Crise de l’automobile : les chauffards veulent garder le volant

Mis en ligne le 2 décembre 2008 Convergences Politique

Fermeture temporaire de sites de production et chômage partiel en France ou en Allemagne, mais aussi dans les pays de l’Est, au Brésil ou en Chine. Licenciements aux États-Unis… L’automobile est entrée dans une zone de grosses turbulences. Pas un constructeur ne semble en réchapper, entraînant dans son sillage équipementiers et sous-traitants. Renault et PSA en France. Nissan ou Toyota au Japon. BMW ou Mercedes en Allemagne. Ford ou General Motors aux États-Unis... La crise s’étend maintenant à tous les continents, touchant aussi bien les pays riches que ceux dits « émergents ».

La crise ne fait qu’augmenter une concurrence entre constructeurs pourtant déjà exacerbée.

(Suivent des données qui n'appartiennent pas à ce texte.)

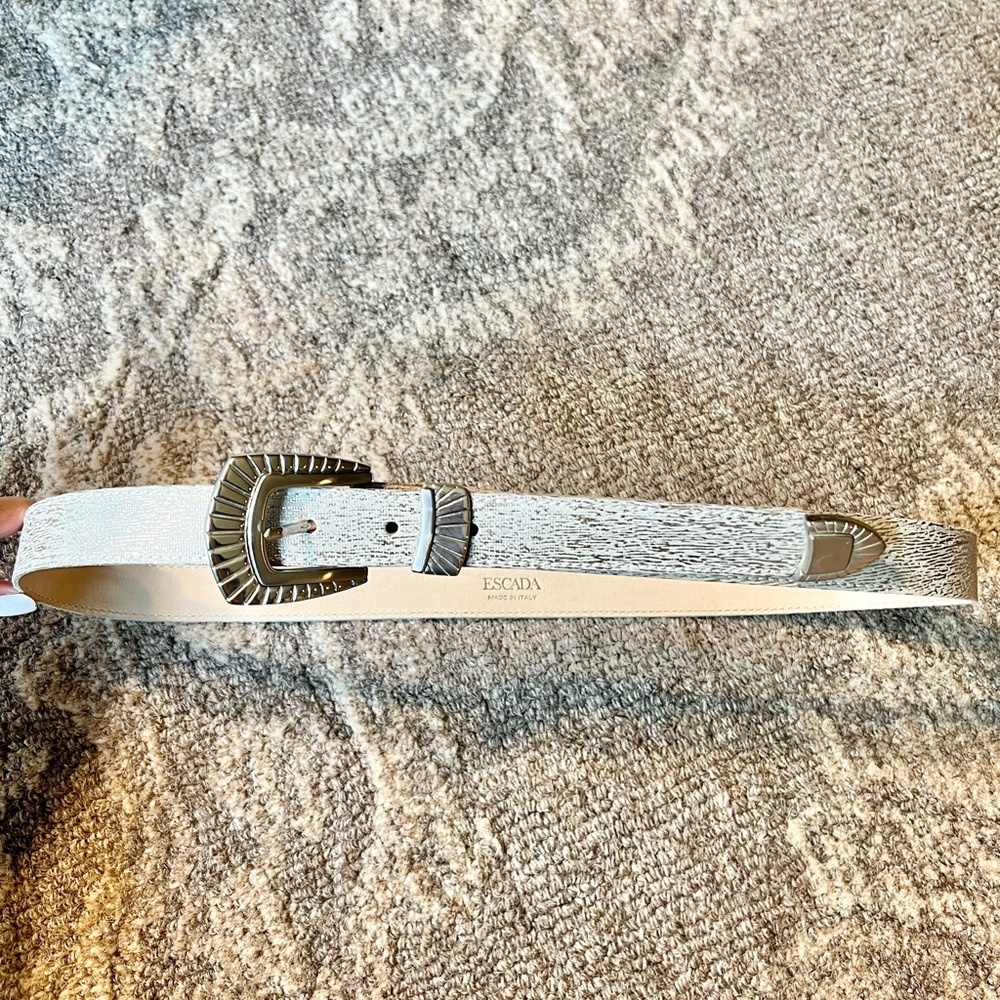 Escada Silver Metallic / Gray Leather Belt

Ainsi, cela fait des années que les constructeurs américains, les « big three » (General Motors, Ford et Chrysler) sont à la peine dans le combat qui les oppose, aux États-Unis, aux constructeurs japonais. La crise actuelle pourrait bien être l’estocade finale pour certains constructeurs… et une opportunité de développement pour d’autres. En tout cas, les mois et les années qui viennent seront certainement l’occasion de grandes manœuvres, d’alliances voire de rachats.

Le coup de la panne

Pour justifier ces dizaines de milliers de mises au chômage, partiel ou total, tous les constructeurs automobiles invoquent la crise financière et ses effets sur l’économie réelle. Les particuliers comme les entreprises dépensant moins, les achats de voitures sont reportés et les ventes chutent ? Oui, mais des réductions d’effectifs étaient déjà annoncées, voire en cours. Car la crise actuelle survient dans une période où les surcapacités de production industrielle, résultat d’une hausse continue de la productivité ces dernières années, sont déjà énormes.

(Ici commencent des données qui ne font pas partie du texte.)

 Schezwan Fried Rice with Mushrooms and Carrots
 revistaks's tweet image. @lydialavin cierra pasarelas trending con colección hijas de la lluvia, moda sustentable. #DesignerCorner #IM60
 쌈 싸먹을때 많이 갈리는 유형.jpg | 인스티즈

Face à un marché automobile stagnant dans les pays riches, les constructeurs automobiles s’étaient fixé principalement deux objectifs. Premièrement, accélérer les gains de productivité en baissant les coûts de production, en réduisant la masse salariale (les salaires et les effectifs), en augmentant les cadences de production, en délocalisant pour faire baisser le coût de main-d’œuvre, etc. Ce qui fait que même avant la crise actuelle, c’était déjà la crise pour les travailleurs. Deuxièmement, gagner des parts de marché dans les pays « émergents » (Chine, Inde, Russie, etc.) en pleine croissance et dont les marchés automobiles étaient en hausse.

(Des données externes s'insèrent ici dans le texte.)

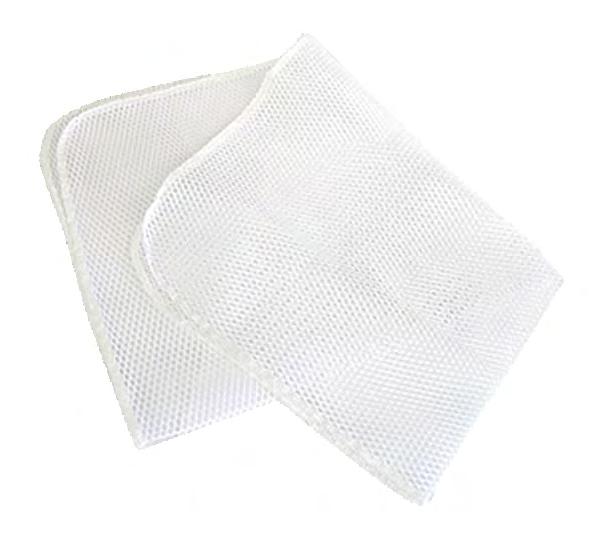 Dilute 50% water and 50% soap in a spray bottle and apply directly to the soiled spot. Dish Cloth The Norwex Dish Cloth is a loosely woven white nylon netted cloth.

La crise financière et la baisse des ventes dans les pays riches mais aussi, par effet de dominos, dans les pays émergents change donc la donne, mais pas la trajectoire. Certains y voient même un bon prétexte pour mettre en œuvre des réductions d’effectifs dans le seul but d’augmenter les profits. Ailleurs les réductions de coûts prévues sont revues à la hausse, la baisse des ventes creusant davantage le décalage entre les capacités de production et les possibilités d’écouler cette production, entraînant la réduction (chômage partiel) voire la destruction de ces capacités de production (fermeture de site).

Bien sûr, face à la baisse des ventes, les patrons n’envisagent jamais de baisser les cadences de production ou de diminuer l’intensité du travail. Ce serait baisser la productivité et aurait un effet sur leurs profits. Ainsi, en pleine crise, parallèlement aux mesures de chômage partiel et de réduction d’effectif, ici on programme des heures supplémentaires, là une augmentation moyenne du temps de travail suite à des remises en cause d’ARTT (accords de réduction du temps de travail).

La dépanneuse de l’État

Ce grand monopoly est à peine troublé par l’intervention des États. On se souvient que jusqu’à très récemment les constructeurs ne juraient que par le marché et la libre concurrence. Il s’agissait alors de faire tomber les barrières protectionnistes, ce vieux fatras qui barrait la route au progrès. Il fallait non seulement qu’il n’y ait plus de marchés nationaux protégés, mais même de constructeur national. Les « petits » constructeurs (Skoda, Dacia, Seat, Saab, Daewoo, etc.) tombaient dans l’escarcelle des grands, qui ne rêvaient eux-mêmes que de s’entre-dévorer. En Asie, Renault, tout juste privatisée en 1996, « sauvait » Nissan en 1999, liquidant au passage 21 000 emplois. En Europe de l’Est, la chute des régimes staliniens donnait des démangeaisons à tous les constructeurs automobiles de l’Ouest, allemands mais aussi français ou italiens.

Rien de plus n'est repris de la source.